### Task objective
For every entry below, give it back exactly and leave out any image.

**** Supplied records

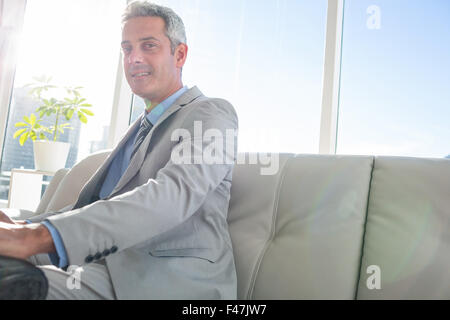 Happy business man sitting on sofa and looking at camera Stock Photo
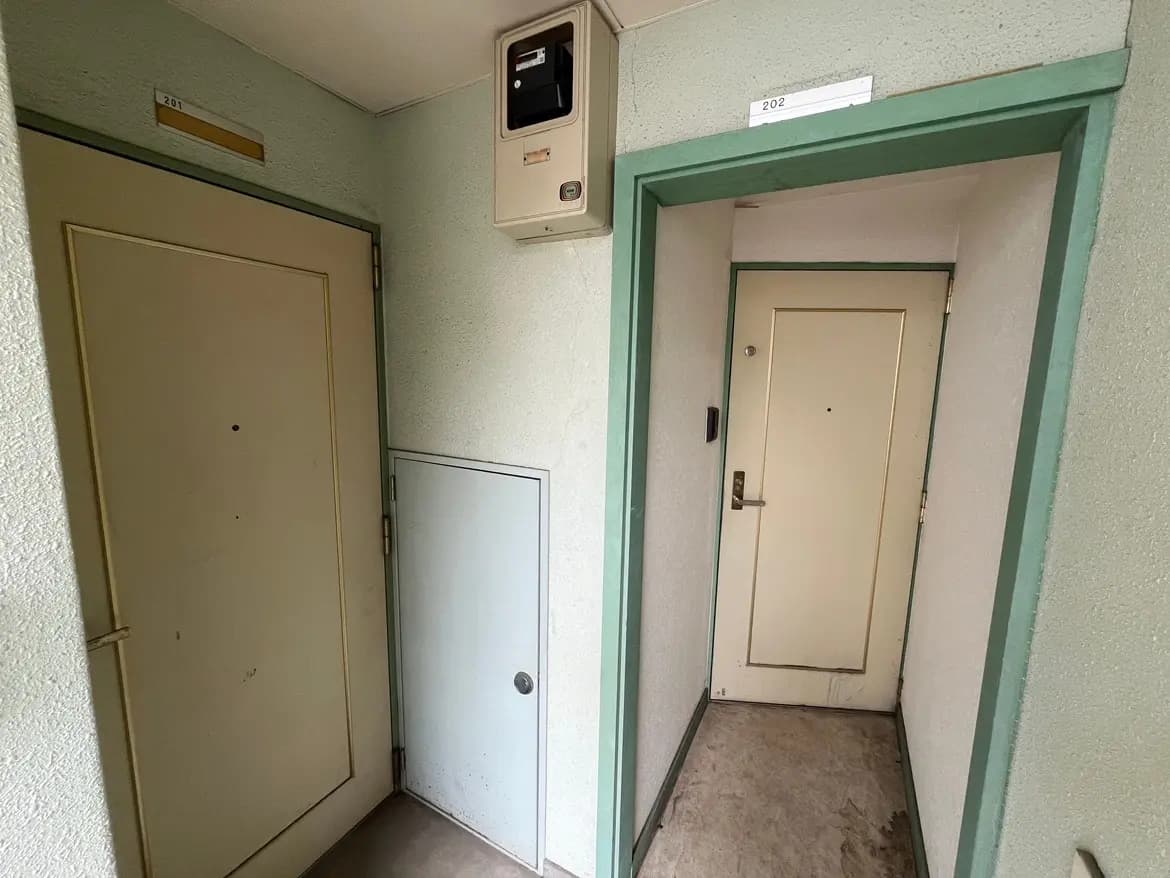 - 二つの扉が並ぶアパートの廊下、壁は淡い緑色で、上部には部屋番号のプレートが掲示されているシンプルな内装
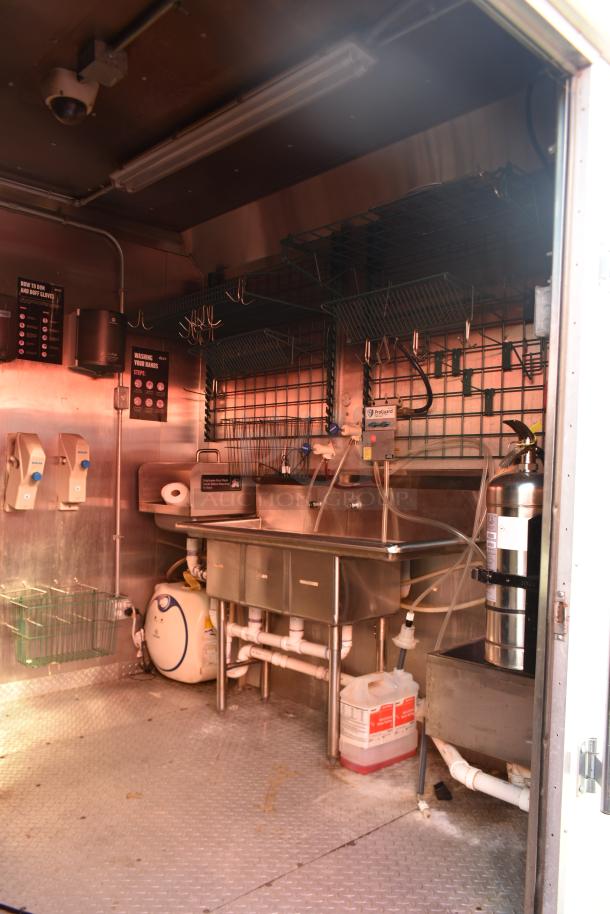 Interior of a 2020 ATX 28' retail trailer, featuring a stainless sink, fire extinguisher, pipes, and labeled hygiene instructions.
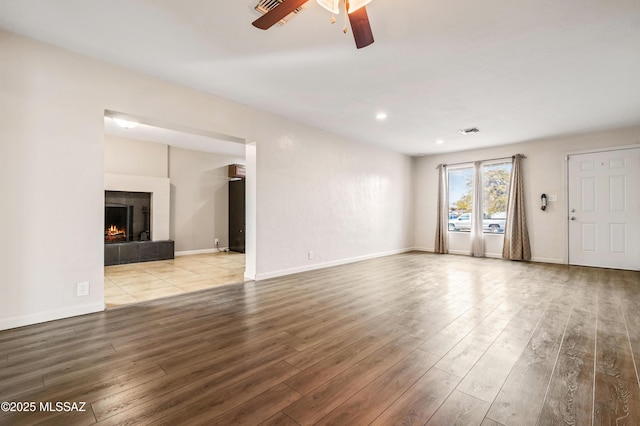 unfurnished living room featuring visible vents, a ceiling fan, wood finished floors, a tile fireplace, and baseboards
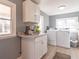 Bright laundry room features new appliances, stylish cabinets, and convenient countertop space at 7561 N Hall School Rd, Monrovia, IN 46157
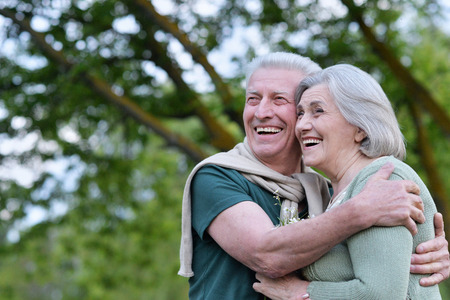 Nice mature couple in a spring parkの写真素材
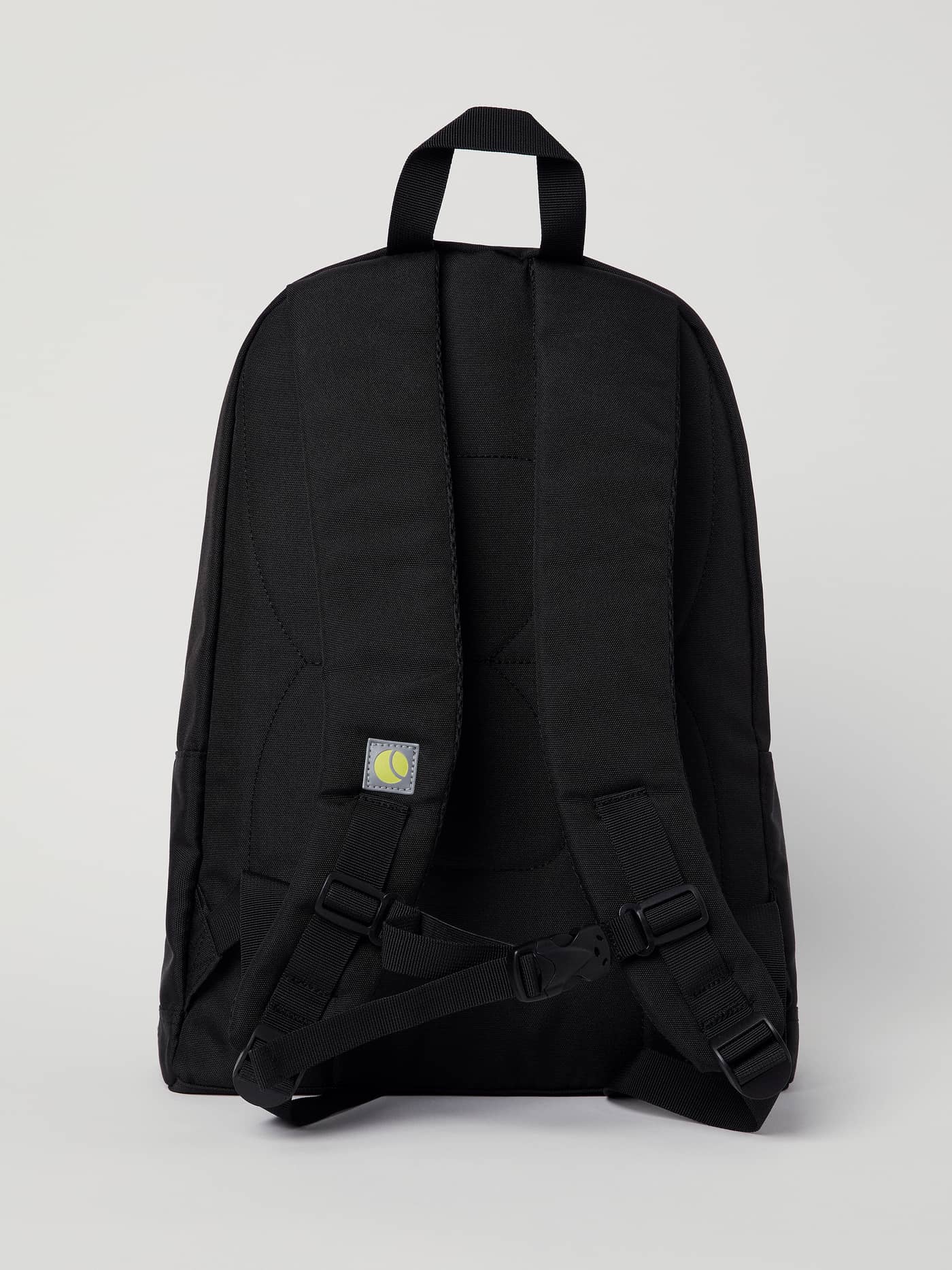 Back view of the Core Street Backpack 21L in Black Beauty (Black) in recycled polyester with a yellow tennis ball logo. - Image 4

********

### Solution below
 Happy business man sitting on sofa and looking at camera Stock Photo
 - 二つの扉が並ぶアパートの廊下、壁は淡い緑色で、上部には部屋番号のプレートが掲示されているシンプルな内装
 Interior of a 2020 ATX 28' retail trailer, featuring a stainless sink, fire extinguisher, pipes, and labeled hygiene instructions.
 unfurnished living room featuring visible vents, a ceiling fan, wood finished floors, a tile fireplace, and baseboards
 Bright laundry room features new appliances, stylish cabinets, and convenient countertop space at 7561 N Hall School Rd, Monrovia, IN 46157
 Nice mature couple in a spring parkの写真素材
 Back view of the Core Street Backpack 21L in Black Beauty (Black) in recycled polyester with a yellow tennis ball logo. - Image 4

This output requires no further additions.